Exercise description ->
For every line in the entries that contains "Photo", show the whole line.

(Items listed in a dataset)
=== Section Start ===

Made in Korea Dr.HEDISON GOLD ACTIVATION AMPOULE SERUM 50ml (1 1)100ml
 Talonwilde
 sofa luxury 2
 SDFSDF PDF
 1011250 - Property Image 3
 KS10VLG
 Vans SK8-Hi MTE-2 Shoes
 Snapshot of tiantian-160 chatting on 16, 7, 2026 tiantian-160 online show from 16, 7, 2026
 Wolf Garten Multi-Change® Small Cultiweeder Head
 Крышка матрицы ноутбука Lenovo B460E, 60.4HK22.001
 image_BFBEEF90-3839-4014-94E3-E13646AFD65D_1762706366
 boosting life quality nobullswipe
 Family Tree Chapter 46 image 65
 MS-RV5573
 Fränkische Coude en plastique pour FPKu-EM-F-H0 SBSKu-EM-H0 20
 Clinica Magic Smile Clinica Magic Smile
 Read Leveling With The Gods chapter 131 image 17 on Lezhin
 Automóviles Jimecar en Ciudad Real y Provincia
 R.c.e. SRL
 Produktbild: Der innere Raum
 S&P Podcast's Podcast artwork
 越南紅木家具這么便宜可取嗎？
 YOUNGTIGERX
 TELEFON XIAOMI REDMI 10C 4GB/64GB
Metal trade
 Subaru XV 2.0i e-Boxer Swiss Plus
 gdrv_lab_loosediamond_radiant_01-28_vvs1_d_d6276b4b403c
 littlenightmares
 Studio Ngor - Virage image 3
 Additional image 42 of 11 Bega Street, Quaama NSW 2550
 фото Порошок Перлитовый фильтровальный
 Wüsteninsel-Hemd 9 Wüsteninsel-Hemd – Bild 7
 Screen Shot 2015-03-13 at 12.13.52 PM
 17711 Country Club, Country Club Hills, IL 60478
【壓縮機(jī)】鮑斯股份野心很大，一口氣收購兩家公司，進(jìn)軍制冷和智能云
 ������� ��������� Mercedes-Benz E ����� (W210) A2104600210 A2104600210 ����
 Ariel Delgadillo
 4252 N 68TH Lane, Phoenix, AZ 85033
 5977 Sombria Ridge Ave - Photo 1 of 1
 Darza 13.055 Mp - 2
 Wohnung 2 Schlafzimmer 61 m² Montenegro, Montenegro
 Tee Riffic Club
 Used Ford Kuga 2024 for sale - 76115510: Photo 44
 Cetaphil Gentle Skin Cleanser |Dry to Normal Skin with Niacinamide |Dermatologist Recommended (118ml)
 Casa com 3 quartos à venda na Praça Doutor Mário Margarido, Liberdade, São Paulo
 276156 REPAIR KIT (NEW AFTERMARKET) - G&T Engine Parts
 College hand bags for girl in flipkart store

=== Section End ===

Exercise result ->
 5977 Sombria Ridge Ave - Photo 1 of 1
 Used Ford Kuga 2024 for sale - 76115510: Photo 44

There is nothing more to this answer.